How important is social networking/media for bands like you?
It’s crucial. Part of our philosophy as a band has always been that it would help us grow closer together and help us mature as people. For us, that meant college, jobs, marriages and Chris having a kid. That all made touring something we decided not to do in the beginning. We’ve always felt, and still feel, that we should go on tour in response to people wanting us to come rather than trying to get them to go. We watched too many local bands go out on tours and get burned by it. Bands would break up, no one would go to their shows and they’d have hard times getting jobs. We didn’t look down on it, we just thought there were too many people going that route and not having much success for us to try it. So, we came up with plans outside of touring to share our music with people. For the last year, that has primarily been centralized around social networking and media. In early 2011 we started filming and editing videos from our more intimate performances and putting them on YouTube with the hope that people would be able to experience a part of what we’re doing from home (which is what we all do with every band we’ve never seen live). Then this past summer we decided to make a website and, in the spirit of DIY, I coded the whole thing myself. I had no idea how to do any of it either, it was insanely difficult. Beyond that, we became social without our social media accounts. All of this has allowed us to share our music with people without hurting what our music comes out of, our lives.
Any shows coming up?
Yes. The show for the album release party on March 24th here in Cincinnati, a house show in Lexington, KY late April and possibly a short tour out of that if we can find interest. If we don’t go on a quick tour we’ll make a lot of YouTube videos.

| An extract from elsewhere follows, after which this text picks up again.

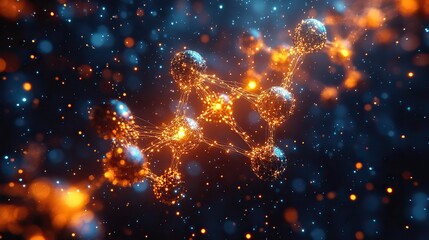 Fototapeta premium An abstract molecule with a network model represents science and connection, symbolizing system structure, biology, future study, and particles with a marble atom graphic.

Perfect day, driving in your car with the windows down, what are you listening to?
There’s Nothing Wrong with Love by Built to Spill, This Is a Long Drive for Someone with Nothing to Think About by Modest Mouse, Lift Your Skinny Fists like Antennas to Heaven by Godspeed! You Black Emperor, Those Who Tell the Truth Shall Die, Those Who Tell the Truth Shall Live Forever by Explosions in the Sky, Mean Everything to Nothing by Manchester Orchestra and, of course, Zuma by Neil Young & Crazy Horse. If we ever write an album like any of those, we win.